The report points to 43 or so areas of EU policy areas that are subject to a system of voting called Qualified Majority Voting or QMV in the EU’s legislative body, the Council, which comprises government ministers from the 28 EU Member States. The report accuses David Cameron of being determined “to delay our referendum beyond that date, tying Britain for ever within the non-democratic, totalitarian and now clearly despotic EU”.
What is Qualified Majority Voting?
The Council can adopt proposals, together with the European Parliament, if it can muster around 74% of the votes that Member States are allocated under a weighted voting system. The Treaty of Nice in 2001 introduced a “demographic verification” element. The number of votes allocated to each Member State was re-weighted, particularly for those with larger populations – such as the UK – to make Council decision-making fairer. In 2007, when the EU reached 27 Members, the qualified majority needed to adopt legislation increased to 255 votes out of a total of 345, representing a majority of Member States (i.e.14). In addition, a Member State could ask for verification that the QM represented at least 62% of the total population of the Union. If not, the decision was not adopted. Since Croatia joined the EU in July 2013, at least 260 votes out of a new total of 352 (approx. 74%) have been required for legislation to be adopted by qualified majority.
QMV has been a feature of EU decision-making since the birth of the EEC in 1957. With various EU Treaty amendments, more EU policy areas have moved from governments agreeing by unanimity to agreeing by QMV, largely so that decisions can be made more easily in an expanding EU and not be held up by a need for consensus. QMV has been particularly useful i adopting laws to establish the single market.
The decision-making procedures in the EU Council are often criticised for lacking transparency (see Library Note 6646, Voting Behaviour in the EU Council, 23 May 2013) and the increased use of QMV does have implications for national sovereignty, because it means individual governments can’t veto proposals they disagree with. However, they do not mean the end of the UK Government or Parliament, as claimed on blogs.
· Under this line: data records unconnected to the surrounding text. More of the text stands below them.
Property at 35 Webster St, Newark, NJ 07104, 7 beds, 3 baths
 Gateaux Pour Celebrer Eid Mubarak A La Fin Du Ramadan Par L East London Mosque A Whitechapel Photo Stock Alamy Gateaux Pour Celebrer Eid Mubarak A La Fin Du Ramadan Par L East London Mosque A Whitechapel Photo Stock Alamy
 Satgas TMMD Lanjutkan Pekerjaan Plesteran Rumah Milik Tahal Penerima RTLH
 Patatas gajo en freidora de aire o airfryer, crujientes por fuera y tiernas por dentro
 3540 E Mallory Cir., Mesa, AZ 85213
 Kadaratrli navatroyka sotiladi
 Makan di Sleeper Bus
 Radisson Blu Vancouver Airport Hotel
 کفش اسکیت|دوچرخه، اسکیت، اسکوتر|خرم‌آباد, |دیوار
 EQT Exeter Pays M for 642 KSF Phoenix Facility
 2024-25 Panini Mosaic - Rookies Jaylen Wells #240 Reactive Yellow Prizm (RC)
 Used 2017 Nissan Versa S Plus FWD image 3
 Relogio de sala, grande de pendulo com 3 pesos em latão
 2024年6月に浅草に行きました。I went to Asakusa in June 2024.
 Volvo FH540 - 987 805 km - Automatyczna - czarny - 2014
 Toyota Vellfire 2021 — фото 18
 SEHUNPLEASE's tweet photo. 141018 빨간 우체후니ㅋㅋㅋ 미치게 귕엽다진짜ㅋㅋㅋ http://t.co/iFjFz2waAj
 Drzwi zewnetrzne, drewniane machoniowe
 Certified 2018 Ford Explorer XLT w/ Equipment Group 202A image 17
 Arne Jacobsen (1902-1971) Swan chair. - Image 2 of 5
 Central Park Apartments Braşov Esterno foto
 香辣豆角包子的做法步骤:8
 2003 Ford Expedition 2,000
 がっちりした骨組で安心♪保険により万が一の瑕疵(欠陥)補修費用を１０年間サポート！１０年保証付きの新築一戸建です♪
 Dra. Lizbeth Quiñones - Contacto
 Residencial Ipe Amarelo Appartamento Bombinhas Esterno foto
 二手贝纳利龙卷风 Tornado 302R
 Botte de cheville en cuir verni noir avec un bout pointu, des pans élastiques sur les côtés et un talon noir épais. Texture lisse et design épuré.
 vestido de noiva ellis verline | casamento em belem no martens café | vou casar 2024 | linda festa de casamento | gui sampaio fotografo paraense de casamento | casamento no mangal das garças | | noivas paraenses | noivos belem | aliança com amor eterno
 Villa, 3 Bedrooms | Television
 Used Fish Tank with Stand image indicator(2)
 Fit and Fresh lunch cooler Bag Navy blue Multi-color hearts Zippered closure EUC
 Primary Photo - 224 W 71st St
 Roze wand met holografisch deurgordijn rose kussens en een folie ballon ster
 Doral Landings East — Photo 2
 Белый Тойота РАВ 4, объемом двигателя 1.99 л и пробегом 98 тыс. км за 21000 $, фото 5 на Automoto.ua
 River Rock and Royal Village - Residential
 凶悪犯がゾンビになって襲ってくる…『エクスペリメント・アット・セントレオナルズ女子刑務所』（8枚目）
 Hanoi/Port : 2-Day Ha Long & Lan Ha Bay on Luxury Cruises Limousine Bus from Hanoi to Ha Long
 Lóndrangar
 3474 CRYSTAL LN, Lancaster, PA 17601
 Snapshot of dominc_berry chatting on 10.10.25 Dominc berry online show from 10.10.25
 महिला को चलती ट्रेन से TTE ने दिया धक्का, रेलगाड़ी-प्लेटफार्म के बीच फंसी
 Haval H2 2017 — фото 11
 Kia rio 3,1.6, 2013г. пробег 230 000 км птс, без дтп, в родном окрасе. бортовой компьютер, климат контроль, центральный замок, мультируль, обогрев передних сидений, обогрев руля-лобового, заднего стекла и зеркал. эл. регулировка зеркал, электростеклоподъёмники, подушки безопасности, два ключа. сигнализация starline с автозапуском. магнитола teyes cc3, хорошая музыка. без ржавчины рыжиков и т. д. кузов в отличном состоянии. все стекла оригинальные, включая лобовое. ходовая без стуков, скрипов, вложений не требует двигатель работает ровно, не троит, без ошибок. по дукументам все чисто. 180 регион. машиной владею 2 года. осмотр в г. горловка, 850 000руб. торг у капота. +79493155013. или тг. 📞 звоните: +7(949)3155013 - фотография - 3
What is happening in November 2014?
Under changes agreed in the Treaty of Lisbon (which came into force in December 2009), the voting powers of Member State governments will include a greater ‘population element’. From 1 November 2014, a double majority will be needed to adopt proposals: decisions in the Council will need the support of 55% of Member States (15 out of 28 EU States) representing a minimum of 65% of the EU’s population.
Most analysts calculate that the large and small Member States (the UK is a large Member State) gain from the Lisbon changes, while the medium-sized States, such as Poland and Spain, lose out in comparison to the Nice Treaty rules. For this reason, and on Poland’s insistence, between 2014 and 2017 there will be a transitional phase where the new QMV rules will apply, but where the old voting weights can be applied if a Member State requests it for particular reasons.
In practice, governments adopt most legislative decisions by consensus; things rarely come to a formal vote in the Council and negotiations usually continue until a compromise is agreed.
Have rights been taken away from the UK?
Individual States’ powers of veto have been removed in some of the 43 areas, where unanimous agreement has been replaced with agreement by a qualified majority. This means governments have to work harder to form coalitions, find allies and negotiate compromises.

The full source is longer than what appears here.